The 1955 film that made Marilyn
an American icon
A 1953 war movie with comic
Jimmy Stewart as
Charles Lindbergh, 1957
In the history of Hollywood, the film industry has endured three major landmark events. The first was the advent of sound around 1929. The second came with the gradual introduction of Technicolor starting in 1939 and continuing for more than twenty years thereafter. The third, was television. When theaters all across the nation began going dark as the result of Milton Berle and Lucille Ball during the early 1950s, Hollywood sat up, took notice, wrung their hands, cried a lot, and ask themselves, what can we do about this entertainment upstart which is about to put us out of business? There was no single answer. Color was one weapon. Money was another. Television productions had budget limitations restrained by what advertisers deemed it wise to pay. Movies (more or less) did not. The blockbuster was born. A crude form of 3-D made its debut(and mercifully exited). Optical inventors developed the zoom lens and Cinemascope. TV screens at the time seldom exceeded 24-inches (measured diagonally). And finally, TV, being first and foremost family entertainment, had censorship rules which made Hollywood's Hayes Production Code seem liberal by comparison. While Lucy and Desi slept in separate twin beds, and the word "pregnant" was verboten, movies were sometimes allowed to say the word "damn" (on a limited basis).

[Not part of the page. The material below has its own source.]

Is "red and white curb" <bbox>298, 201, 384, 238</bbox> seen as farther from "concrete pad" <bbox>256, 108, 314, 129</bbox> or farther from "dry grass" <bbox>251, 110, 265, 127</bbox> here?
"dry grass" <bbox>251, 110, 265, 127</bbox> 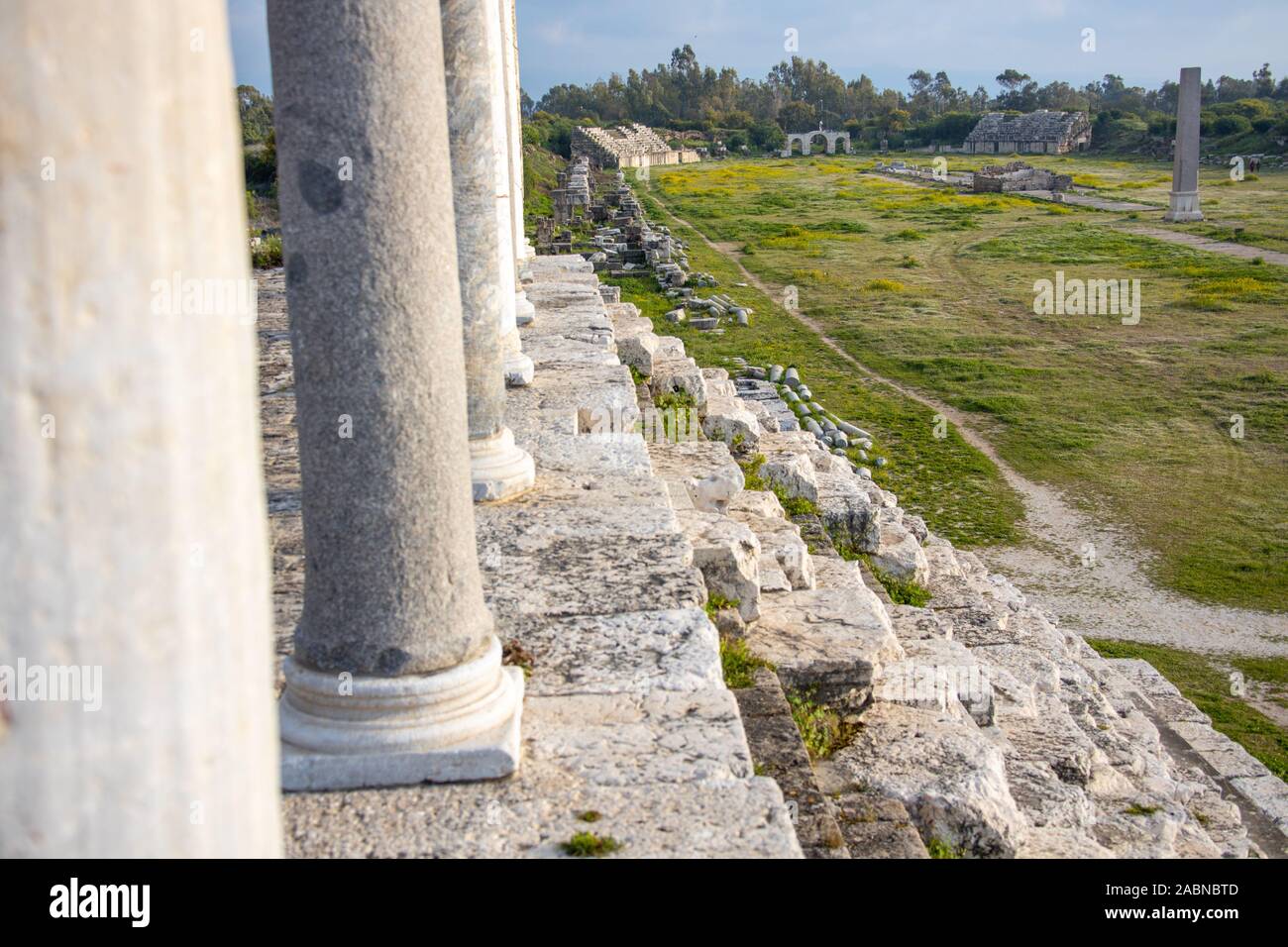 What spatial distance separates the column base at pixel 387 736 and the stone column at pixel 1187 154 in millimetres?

Wilder's hilarious tale of cross-dressing hide and seek musicians
was rated in 2000 by the American Film Institute as the funniest movie ever made.
Wilder's final film, 1981.
By 1960, censorship in Hollywood was on the wane. By 1968 the Motion Picture Producers of America (MPPA) had introduced the forerunner of our current movie rating system. Had it been in effect in 1960, The Apartment and Wilder's Some Like It Hot (above) from the previous year, would likely have received "R" ratings. Despite the fact that by the 1960s Wilder had pretty much switched over to writing and directing comedies such as Irma la Douce, Kiss Me Stupid, and Fortune Cookie, given the conservative social climate of the time, all were racy enough to likely have earned such a parental warning. Billy Wilder made his last film in 1981, the "R" rated Buddy Buddy (right), starring Jack Lemmon and Walter Matthau (the original Odd Couple on Broadway). He was seventy-five years old at the time. In 1987, the Motion Picture Academy awarded Wilder the Irving G. Thalberg Memorial Award for creative producers whose bodies of work reflect a consistently high quality of motion picture production. Billy Wilder died in 2002 at the age of ninety-six, his death coinciding the same day with that of two other Hollywood comedy legends, Milton Berle and Dudley Moore. Wilder was laid to rest not far from three of the stars he helped make famous--Marilyn Monroe, Jack Lemmon, and Walter Matthau.

Two of the three "ladies" from Some Like it Hot.